Both the High Court and the resident magistrates, who have been appointed under S 47 of the LSA, deal with non-contentious business. Probate will be granted in common form in non-contentious proceedings where there is no dispute as to the documents that ought to be admitted to probate or over entitlement to a grant. Theoretically, non-contentious probate is a judicial act, but in practice it is granted without a formal hearing or court appearance.
Applying for a Grant - S 51 of the LSA and rule 7-14 of the P&A Rules
A person wishing to apply for a grant must, personally or through an advocate, lodge certain papers with the principal registry or a district registry or a resident magistrate’s registry. The petition for grant should contain the full particulars of the deceased, namely: names, date and place of death, last known place of residence, relationship of the applicant with the deceased, whether or not the deceased left a valid will, and a full inventory of all the assets and liabilities of the deceased. Where the deceased died intestate, whether total or partial, the following particulars should be given: names and addresses of all surviving spouses, children, parents, brothers and sisters of the deceased, and of the children of any pre-deceased child of the deceased. The registrar or resident magistrate and his staff consider the papers. Where they are satisfied that the documents are in order, a grant would be signed by the relevant judicial officer and sealed with the seal of the court. Sometimes non-contentious probate may involve a hearing before a judge or resident magistrate on some minor issue. Only if the issue develops into a dispute will the proceedings become contentious.
Where it is alleged that the deceased died testate and left a valid written will, the original will should be annexed to the petition and the details of the executors given. If it is alleged the original will is lost or destroyed, then its authenticated copy should be annexed to the petition or, in the alternative, the names or addresses of all persons alleged to be able to prove its contents should be stated in the application. The same condition applies to an oral will. After filing of petition, in cases of testate succession court will allow public to peruse its contents at the registry. Before the application is made, interested parties may file caveats, citations and renunciations.
A caveat is a notice entered at a probate registry to prevent a grant or representation being made or confirmed without first being given to the person who enters the caveat, known as the caveator. Such an application should be filed after petition is made for grant. This filing of the caveat entitles the caveator to notice of any steps applicants makes concerning the matter. The main purpose of a caveat is to enable a person who may be considering opposing a grant to obtain legal advice or evidence on the matter.
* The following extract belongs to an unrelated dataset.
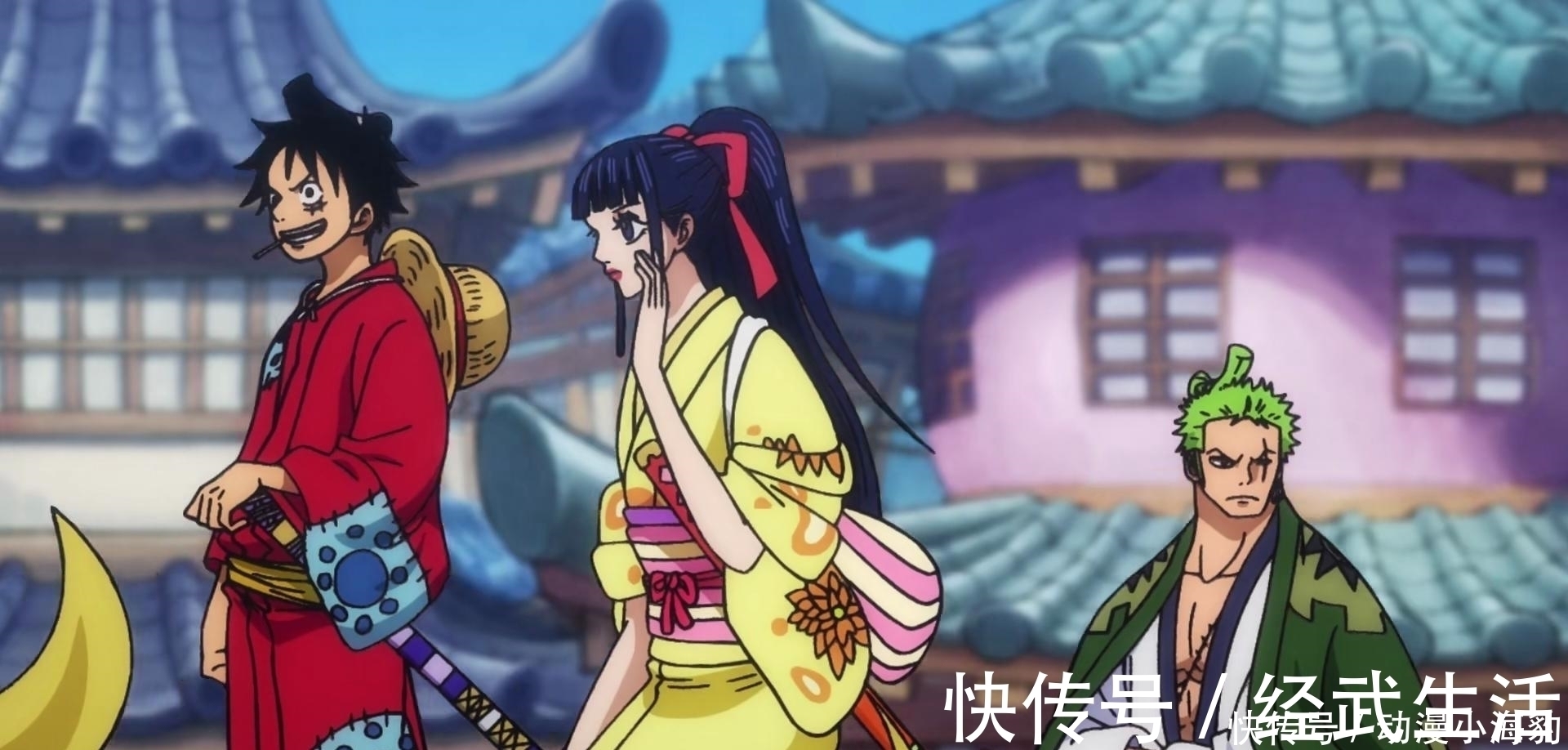 明哥|海贼王第902集:海上第六皇诞生,比卡二、明哥难缠,还拥有鬼气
A citation is a document issued by the probate registry whereby the person issuing the document (the citor) calls upon the person cited (the citee) to provide a reason why a particular step should not be taken (rule 21 of the P &A Rules). They are normally issued to a person with an inferior right to application e.g. a creditor claiming debts. They are used to speed up the process to issue a grant upon service of citation, the citee should appear and give reasons why they are not taking steps, and where they fail to appear the citer may be directed to take out grant.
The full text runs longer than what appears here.